Re: [SG16] [isocpp-core] New draft revision: D2029R2 (Proposed resolution for core issues 411, 1656, and 2333; numeric and universal character escapes in character and string literals)

From: Tom Honermann <tom_at_[hidden]>
Date: Thu, 2 Jul 2020 12:43:55 -0400
On 7/2/20 3:15 AM, Corentin via Core wrote:
> On Thu, 2 Jul 2020 at 09:04, Jens Maurer via Core
> <core_at_[hidden] <mailto:core_at_[hidden]>> wrote:
> On 02/07/2020 07.39, Tom Honermann wrote:
> > On 7/1/20 3:28 AM, Jens Maurer wrote:
> >> Maybe replace "associated character encoding" -> "associated
> literal encoding"
> >> globally to avoid the mention of "character" here.
> > Despite the use of the "C" word, "character encoding" is more
> consistent
> > with Unicode terminology.

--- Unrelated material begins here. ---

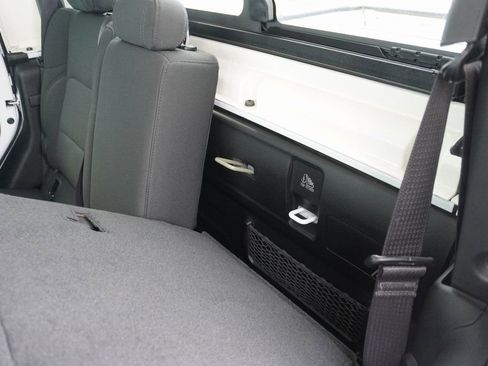 Used 2023 Jeep Gladiator Sport image 33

Though if we really want to be
> consistent, we
> > should use "character encoding form" (which ISO/IEC 10646 then calls
> > simply "encoding form"). This is something we could discuss at
> the SG16
> > meeting next week.
> The paper is in CWG's court; involving SG16 is not helpful at this
> stage
> absent more severe concerns that would involve sending back the paper
> as a CWG action. That said, everybody (including members of SG16) are
> invited to CWG telecons to offer their opinion.
> off-topic remarks: Since we'd be using a new term such as
> "literal encoding" here, I don't think Unicode will get into our
> way. I'd like to point out that "character encoding" (also in the
> Unicode meaning) sounds like a character-at-a-time encoding, which
> we expressly don't want to require. So, choosing a different term
> than one that has Unicode semantic connotations seems wise.
> literal encoding is a less ambiguous term either way.
> We need a terminology such that we can distinguish the encoding of
> literals from that of runtime strings, literal (associated) encoding
> achieves that.

Ah, I think we may be crossing hairs here. I agree that we should have
an abstract name that indicates the encoding used for literals. We lack
a term for that today (which is why the paper uses the phrase "encoding
of the execution character set"). But that is different from what is
intended by "associated character encoding"; this is intended to name an
encoding (possibly indirectly, hence "encoding of the ...") that might
be registered with IANA
(where the term "character set" is used to mean "character encoding",
but the former is used for legacy reasons).


Received on 2020-07-02 11:48:57